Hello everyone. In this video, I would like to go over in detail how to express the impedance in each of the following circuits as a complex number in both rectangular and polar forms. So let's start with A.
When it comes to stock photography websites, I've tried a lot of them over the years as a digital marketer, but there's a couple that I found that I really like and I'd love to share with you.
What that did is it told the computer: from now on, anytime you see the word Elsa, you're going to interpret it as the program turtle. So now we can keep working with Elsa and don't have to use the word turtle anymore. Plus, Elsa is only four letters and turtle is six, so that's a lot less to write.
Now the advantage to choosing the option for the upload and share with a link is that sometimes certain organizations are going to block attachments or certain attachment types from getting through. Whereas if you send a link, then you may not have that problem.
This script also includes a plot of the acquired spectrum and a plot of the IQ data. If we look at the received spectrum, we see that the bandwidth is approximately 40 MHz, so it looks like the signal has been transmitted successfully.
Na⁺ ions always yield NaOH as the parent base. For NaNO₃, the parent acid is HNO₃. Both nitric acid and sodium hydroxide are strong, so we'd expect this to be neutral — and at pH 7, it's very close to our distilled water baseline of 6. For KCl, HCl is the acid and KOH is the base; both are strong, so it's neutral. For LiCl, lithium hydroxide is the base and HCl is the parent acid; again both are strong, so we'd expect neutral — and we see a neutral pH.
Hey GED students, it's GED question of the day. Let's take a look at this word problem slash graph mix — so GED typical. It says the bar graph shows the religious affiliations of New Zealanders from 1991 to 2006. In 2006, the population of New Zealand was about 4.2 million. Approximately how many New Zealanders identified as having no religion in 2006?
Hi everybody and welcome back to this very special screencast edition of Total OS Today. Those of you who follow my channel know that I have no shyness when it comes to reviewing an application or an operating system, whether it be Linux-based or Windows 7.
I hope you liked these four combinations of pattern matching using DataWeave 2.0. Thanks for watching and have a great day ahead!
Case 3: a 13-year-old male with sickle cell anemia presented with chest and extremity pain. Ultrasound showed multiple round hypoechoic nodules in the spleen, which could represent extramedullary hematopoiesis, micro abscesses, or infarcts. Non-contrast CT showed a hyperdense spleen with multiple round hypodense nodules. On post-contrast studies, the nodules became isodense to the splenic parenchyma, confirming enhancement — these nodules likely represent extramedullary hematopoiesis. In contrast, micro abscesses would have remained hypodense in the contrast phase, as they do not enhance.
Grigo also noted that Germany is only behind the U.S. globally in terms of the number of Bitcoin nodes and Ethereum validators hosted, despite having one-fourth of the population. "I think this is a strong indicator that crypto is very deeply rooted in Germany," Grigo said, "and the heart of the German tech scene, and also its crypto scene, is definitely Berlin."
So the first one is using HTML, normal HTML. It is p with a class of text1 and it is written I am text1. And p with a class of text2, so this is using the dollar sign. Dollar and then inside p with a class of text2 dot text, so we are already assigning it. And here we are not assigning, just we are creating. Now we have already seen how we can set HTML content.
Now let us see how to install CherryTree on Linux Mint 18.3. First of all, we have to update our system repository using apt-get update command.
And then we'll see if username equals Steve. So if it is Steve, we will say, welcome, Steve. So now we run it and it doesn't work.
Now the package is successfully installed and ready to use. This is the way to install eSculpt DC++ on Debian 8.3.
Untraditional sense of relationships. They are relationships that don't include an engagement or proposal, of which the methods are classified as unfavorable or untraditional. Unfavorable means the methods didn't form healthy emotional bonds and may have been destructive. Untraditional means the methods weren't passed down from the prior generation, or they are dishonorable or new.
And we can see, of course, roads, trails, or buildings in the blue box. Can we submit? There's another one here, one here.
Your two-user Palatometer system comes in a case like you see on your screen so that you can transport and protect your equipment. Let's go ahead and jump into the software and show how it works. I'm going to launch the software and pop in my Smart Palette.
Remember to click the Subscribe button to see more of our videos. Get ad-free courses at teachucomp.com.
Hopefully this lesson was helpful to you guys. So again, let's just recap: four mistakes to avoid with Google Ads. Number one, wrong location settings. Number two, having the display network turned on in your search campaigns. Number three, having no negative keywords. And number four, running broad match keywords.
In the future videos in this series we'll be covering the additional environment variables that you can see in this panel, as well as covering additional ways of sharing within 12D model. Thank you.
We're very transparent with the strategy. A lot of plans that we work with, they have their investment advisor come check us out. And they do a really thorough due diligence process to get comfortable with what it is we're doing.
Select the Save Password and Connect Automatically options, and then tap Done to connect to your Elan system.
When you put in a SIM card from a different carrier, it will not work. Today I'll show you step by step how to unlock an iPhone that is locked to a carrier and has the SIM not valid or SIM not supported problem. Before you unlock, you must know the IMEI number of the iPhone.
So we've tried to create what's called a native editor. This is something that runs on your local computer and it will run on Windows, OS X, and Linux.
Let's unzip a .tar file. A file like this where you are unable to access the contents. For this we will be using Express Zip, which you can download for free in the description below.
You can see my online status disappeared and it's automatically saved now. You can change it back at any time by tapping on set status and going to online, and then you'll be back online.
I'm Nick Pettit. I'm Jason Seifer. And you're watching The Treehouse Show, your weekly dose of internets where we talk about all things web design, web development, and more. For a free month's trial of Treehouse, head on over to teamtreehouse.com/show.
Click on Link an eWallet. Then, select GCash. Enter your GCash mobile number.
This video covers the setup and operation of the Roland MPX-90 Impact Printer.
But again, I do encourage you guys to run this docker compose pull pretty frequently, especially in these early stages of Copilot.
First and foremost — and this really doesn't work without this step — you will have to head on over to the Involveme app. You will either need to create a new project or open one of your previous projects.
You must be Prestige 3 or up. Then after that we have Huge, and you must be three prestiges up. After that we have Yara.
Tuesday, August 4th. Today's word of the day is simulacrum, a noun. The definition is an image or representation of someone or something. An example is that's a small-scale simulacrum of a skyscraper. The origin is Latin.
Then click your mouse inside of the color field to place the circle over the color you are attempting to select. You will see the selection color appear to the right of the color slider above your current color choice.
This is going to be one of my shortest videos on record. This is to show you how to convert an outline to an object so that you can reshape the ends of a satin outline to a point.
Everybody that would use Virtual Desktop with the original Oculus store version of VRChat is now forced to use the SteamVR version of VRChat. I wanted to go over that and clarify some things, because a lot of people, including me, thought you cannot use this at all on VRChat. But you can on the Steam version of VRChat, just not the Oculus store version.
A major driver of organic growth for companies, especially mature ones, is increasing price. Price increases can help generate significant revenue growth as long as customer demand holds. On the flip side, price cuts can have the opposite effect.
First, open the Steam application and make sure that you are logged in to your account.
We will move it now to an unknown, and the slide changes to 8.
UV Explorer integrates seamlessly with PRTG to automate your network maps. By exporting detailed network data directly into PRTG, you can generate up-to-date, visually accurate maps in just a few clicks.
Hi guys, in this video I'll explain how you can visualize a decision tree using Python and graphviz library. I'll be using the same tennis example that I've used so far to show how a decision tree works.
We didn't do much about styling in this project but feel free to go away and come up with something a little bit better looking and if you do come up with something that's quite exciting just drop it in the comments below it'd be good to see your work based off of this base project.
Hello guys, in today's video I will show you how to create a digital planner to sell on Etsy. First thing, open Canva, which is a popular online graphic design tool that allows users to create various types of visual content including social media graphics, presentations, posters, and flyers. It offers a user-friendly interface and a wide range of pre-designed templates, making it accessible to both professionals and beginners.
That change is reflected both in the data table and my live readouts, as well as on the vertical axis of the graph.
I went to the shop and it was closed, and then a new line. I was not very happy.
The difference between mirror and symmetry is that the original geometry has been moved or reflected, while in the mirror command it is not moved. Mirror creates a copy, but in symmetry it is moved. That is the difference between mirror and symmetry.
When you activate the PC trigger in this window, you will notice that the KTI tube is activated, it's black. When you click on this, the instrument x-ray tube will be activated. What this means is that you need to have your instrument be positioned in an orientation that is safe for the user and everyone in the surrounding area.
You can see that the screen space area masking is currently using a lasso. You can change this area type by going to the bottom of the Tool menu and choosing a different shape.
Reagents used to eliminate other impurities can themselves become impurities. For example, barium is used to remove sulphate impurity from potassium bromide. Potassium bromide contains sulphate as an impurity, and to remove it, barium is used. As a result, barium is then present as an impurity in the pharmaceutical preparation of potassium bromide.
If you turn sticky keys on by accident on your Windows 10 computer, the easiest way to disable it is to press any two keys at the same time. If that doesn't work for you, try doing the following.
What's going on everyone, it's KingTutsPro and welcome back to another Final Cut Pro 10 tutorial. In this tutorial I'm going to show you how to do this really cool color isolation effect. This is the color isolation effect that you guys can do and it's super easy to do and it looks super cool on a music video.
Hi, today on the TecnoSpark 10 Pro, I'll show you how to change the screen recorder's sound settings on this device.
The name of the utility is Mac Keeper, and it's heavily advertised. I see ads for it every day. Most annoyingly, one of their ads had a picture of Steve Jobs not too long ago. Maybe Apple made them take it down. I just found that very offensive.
________
- PROBLEM
Could you retype exactly the lines from the first one of the records through the line containing "When it comes to stock", both included, and nothing more?

- RESULT
Hello everyone. In this video, I would like to go over in detail how to express the impedance in each of the following circuits as a complex number in both rectangular and polar forms. So let's start with A.
When it comes to stock photography websites, I've tried a lot of them over the years as a digital marketer, but there's a couple that I found that I really like and I'd love to share with you.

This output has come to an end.